[Opening Working data section]

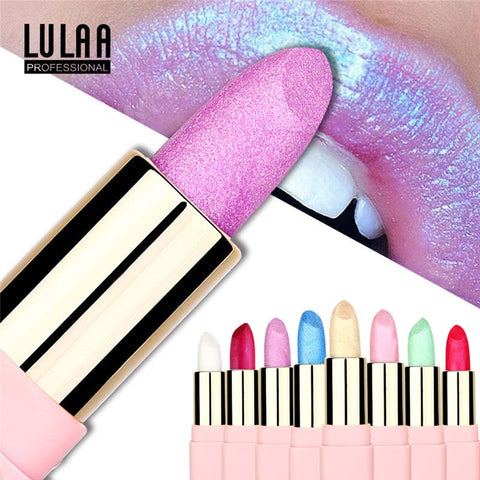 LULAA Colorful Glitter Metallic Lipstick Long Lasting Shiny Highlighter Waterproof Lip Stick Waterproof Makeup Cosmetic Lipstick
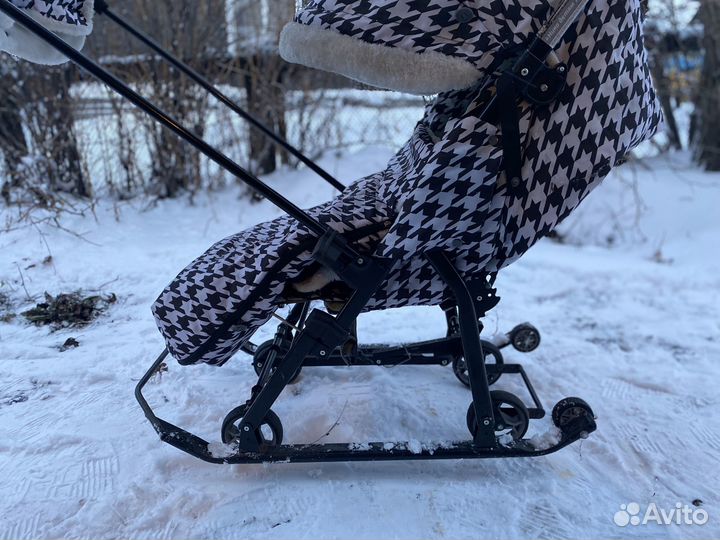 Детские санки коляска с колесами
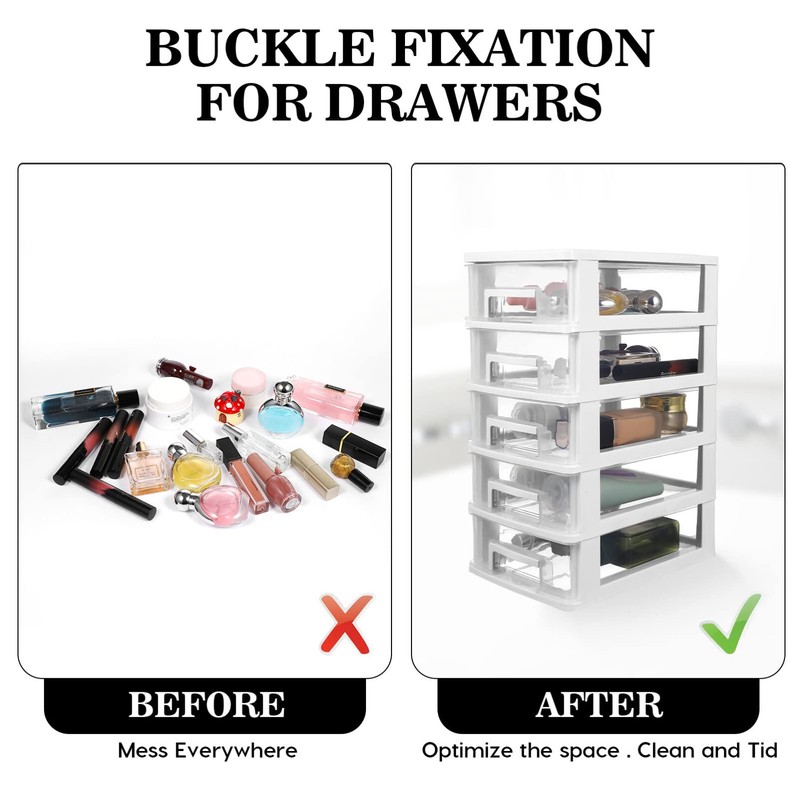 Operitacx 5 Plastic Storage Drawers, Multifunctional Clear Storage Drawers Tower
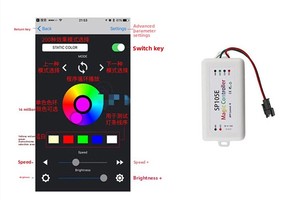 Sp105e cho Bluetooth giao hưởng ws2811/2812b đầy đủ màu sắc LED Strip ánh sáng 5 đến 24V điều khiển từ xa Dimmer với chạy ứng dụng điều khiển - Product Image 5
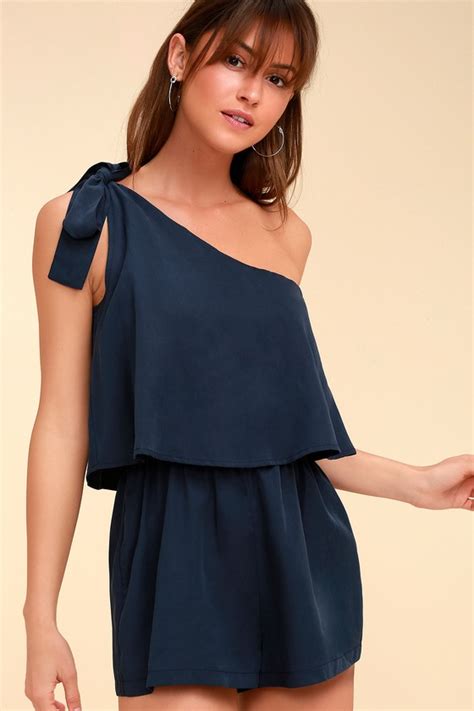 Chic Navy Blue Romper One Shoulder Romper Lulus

[Closing Working data section]

→ **Problem details**
Begin with the line that contains "Operitacx 5 Plastic" and repeat every line through the end of the data, exactly and only those lines, leaving out the pictures.

→ **Output**
 Operitacx 5 Plastic Storage Drawers, Multifunctional Clear Storage Drawers Tower
 Sp105e cho Bluetooth giao hưởng ws2811/2812b đầy đủ màu sắc LED Strip ánh sáng 5 đến 24V điều khiển từ xa Dimmer với chạy ứng dụng điều khiển - Product Image 5
 Chic Navy Blue Romper One Shoulder Romper Lulus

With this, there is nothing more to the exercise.